Top 15 Phrases You're Least...

1.  As you can see from this graph, smart people will be pulling their money out of this company faster than you can say NASDAQ. 

2.  Since you bought shares after reading our unbelievable prospectus, we realize that you're gullible enough to believe anything else we tell you. 

3.  Due to the incredible clarity of our page-long mission statement, our company has solved world-hunger, created a lasting peace on Earth and now all employees are intelligent, hardworking and happy in their jobs. 

4.  Our massive profits are due to the fact we are cheating our customers at every turn. 

5.  Sales were off this year, but our Returns department did a booming business. 

6.  Our employees are our greatest asset -- but we'll fire half of them if our stock drops a dollar. 

7.  Our rise in costs this year can be attributed to two things: 1) Keeping the thermostat too high this winter and 2) Poor management.
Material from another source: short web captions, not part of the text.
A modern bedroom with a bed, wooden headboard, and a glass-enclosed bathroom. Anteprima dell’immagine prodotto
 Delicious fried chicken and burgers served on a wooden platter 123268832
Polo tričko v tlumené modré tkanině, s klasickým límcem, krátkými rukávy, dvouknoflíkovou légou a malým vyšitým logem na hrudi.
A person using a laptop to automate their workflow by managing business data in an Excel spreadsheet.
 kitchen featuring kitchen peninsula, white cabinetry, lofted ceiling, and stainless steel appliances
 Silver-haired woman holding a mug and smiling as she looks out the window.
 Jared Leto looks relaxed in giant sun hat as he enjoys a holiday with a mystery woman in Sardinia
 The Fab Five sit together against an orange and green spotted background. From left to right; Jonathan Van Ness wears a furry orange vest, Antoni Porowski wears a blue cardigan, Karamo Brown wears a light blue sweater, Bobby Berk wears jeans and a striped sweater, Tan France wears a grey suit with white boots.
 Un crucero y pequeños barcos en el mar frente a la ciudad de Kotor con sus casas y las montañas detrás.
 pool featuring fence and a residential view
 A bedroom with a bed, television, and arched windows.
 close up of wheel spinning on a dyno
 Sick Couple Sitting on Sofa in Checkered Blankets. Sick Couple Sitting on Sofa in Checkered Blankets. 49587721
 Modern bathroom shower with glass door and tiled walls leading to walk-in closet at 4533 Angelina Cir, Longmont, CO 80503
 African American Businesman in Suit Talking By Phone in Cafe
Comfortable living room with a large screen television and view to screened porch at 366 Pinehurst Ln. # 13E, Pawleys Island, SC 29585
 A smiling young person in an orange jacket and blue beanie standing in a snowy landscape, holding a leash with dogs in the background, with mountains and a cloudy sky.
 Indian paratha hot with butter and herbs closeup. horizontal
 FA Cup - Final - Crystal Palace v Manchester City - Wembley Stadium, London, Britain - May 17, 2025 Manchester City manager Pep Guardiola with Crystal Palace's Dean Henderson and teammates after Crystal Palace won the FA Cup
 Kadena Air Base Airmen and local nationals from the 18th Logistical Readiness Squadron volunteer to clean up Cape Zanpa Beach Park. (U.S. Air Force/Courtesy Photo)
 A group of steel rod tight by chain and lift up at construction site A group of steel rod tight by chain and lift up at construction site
Next year, we pledge to turn the thermostat down. 

8.  Staff turnover of 50% in a month has given the development department a new sense of focus and fresh ideas. 

9.  Despite all of the recent layoffs, employee morale is at its highest... 

10. ... and a record number of resumes went out the door during the first quarter. 

11. We are currently producing nothing, we currently have no orders to produce anything, and we don't expect any orders for the rest of this fiscal year. Hurry, buy our stock while it still has a value that can be measured. 

12. Corporate directors will take a pay cut to avoid layoffs. 

13. A recent survey showed that large North American Moose don't make good drivers and spend less than other consumers, especially on electrical goods. 

14. This year we have the same profit margin as last year, and we're happy with that. We decided last year's goal to triple our already multi-million dollar annual was really kind of greedy. 

15. We're really sorry.


----------



## Retired (Nov 28, 2007)

Good stuff, Ladylore.  Sounds like what we should have seen in some very recent Annual Reports


----------



## ladylore (Nov 28, 2007)

> 13. A recent survey showed that large North American Moose don't make good drivers and spend less than other consumers, especially on electrical goods.



One of my favorites. 

And yes - I like lists.


----------